Yes, very disturbing that some individuals can find nothing better to do, other than to tear down someone who is so intelligent, and more so, obviously a very caring person. He seemed to miss that about De Jager.....*and all the other* precise, brilliant, caring people who gave Y2K the serious attention it deserved. They did their very best, they were honest; they did real work, hundreds if not thousands of hours...because they cared.....and *that* is what counts.

So few are able to admit that the central problem with Y2K were the *unknowns*....NOT what we 'knew' about it. We were all quite lucky....at least so far (no major chemical or nuclear accidents)...that was my prime concern, above all others. Like I said, "Who needs to try to dodge *those* icebergs...when there are already so many other potential Y2K problems to navigate? It would only complicate matters that much worse."

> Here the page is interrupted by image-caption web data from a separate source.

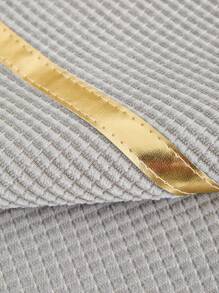 1pc Corn Plush Gold Edge Short Plush Sofa Throw Cover, 1234-Seat Sofa Seat Cushion, Braço, Capa de encosto, Antiderrapante, Todas as estações - Cinza claro - Ver 10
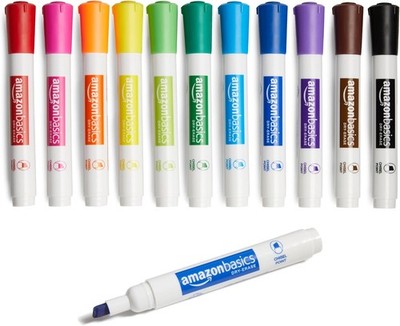 Amazon Basics 12 Pack Assorted Chisel Dry Erase Marker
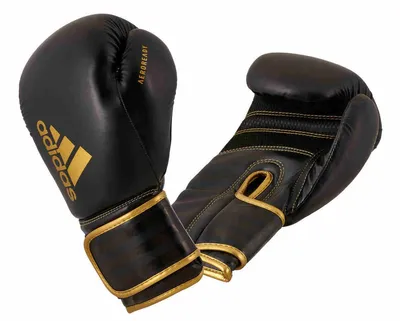 Image de gants de boxe adidas Hybrid 80 noir-or onces - 14 onces
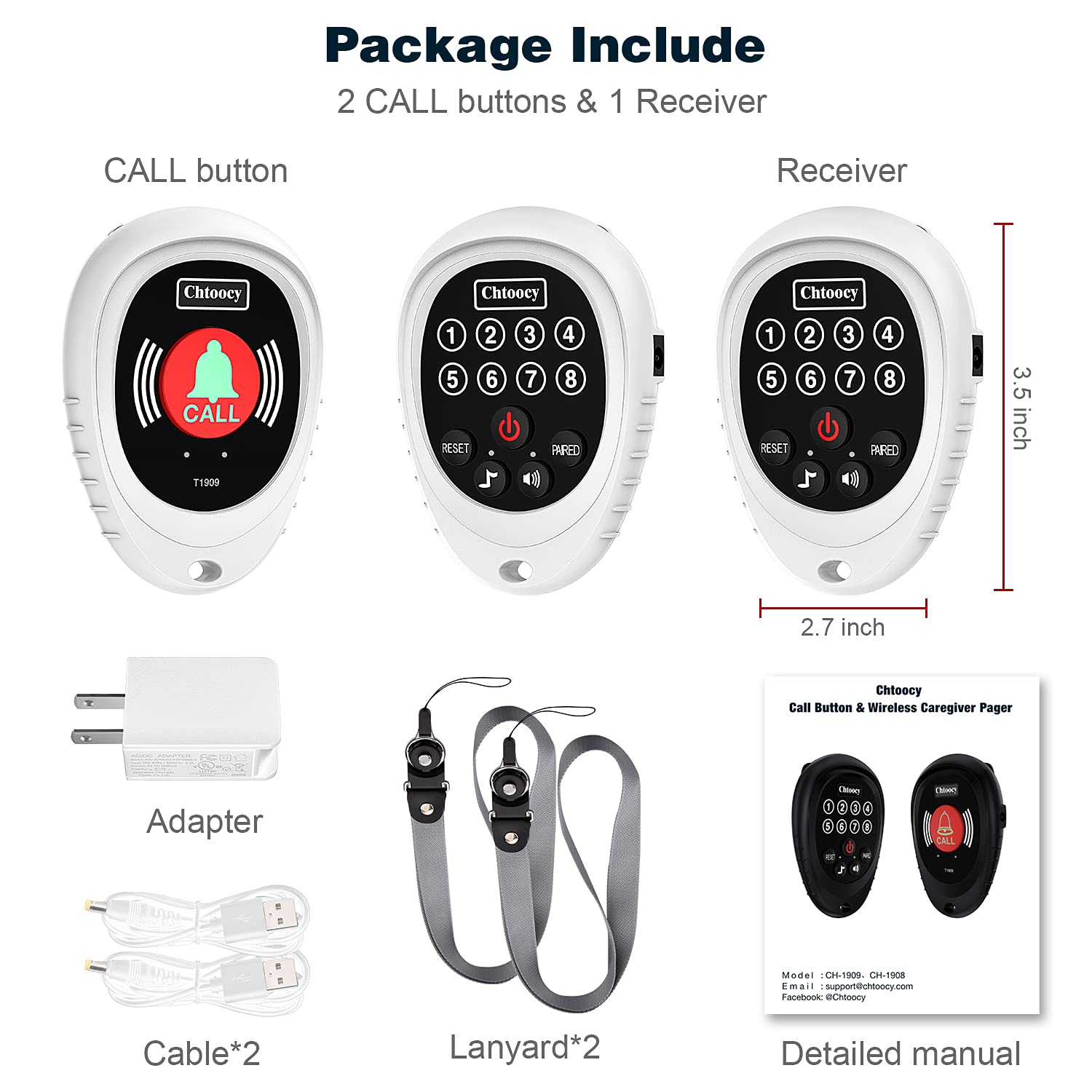 Chtoocy Rechargeable Wireless Caregiver Pager Smart Call Button 1000 Ft Range Nurse Calling Alert Patient Help System for Elderly Monitoring SOS Alert System Alarm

Obviously, the idiot that made that statement about De Jager had no comprehension of what a Y2K breakdown would mean....in terms of human suffering, here or elsewhere. Or its implications for social instability...a very ugly, hurtful thing...(care to visit Russia or Calcutta today?)...and/or greatly accelerating existing ecological problems. What folly.

At best, 'sophisticated egos reduced to intellectual sword fighting'...devoid of human compassion and completely missing the negative potentials involved in Y2K. Very upsetting that someone could 'shoot from the hip' and (attempt to) discredit someone of the caliber of De Jager, and by implication, all the others working at his 'level' as well. Then threaten him? How encouraging, no? To anyone who still has a brain, or a shred of Heart left in them, this individual only draws attention to themself and how much is lacking within...they are saying very little about de Jager, and a great deal about themselves.

Sorry I'm a bit upset here, but I am. For so many to have worked so hard to insure the safety of Humanity...only to have other *very* small people take pot shots at them...is disgusting. That all the years of focused effort...could be reduced to "eat crow in public" because we *didn't* have a disaster?? Are these people insane? Unbelievable.

It makes me think of Rudyard Kipling's "IF"

'If you can bear to hear the truth you've spoken, twisted by knaves to make a trap for fools....'

That about sums up my view of the individual who saw *nothing* of value or benefit in what De Jager and many others did. They missed what is most important about 'the Man' as a human being...and all he did, his contributions. We are quite lucky to have the De Jager's, Gordon's, Kappleman's, Yordon's, Barnett's, Jim Lord's, Koskinen's, David Spinks/UK, Dale Way, etc. and *so* many others who helped get us this far. Yes, even Gary North deserves much credit, even if only as "Devils Advocate" to make people stop and think twice. He did. Gary North is a brilliant individual and a straight shooter; much insight, much excellent analysis; very hard working, dedicated, caring individual. He certainly is nobody's fool. Gary played 'the part' very few have the guts or tje brains to pull off. He didn't cause the problems...he tried to solve them. That takes a lot of caring...that is what I see about the man.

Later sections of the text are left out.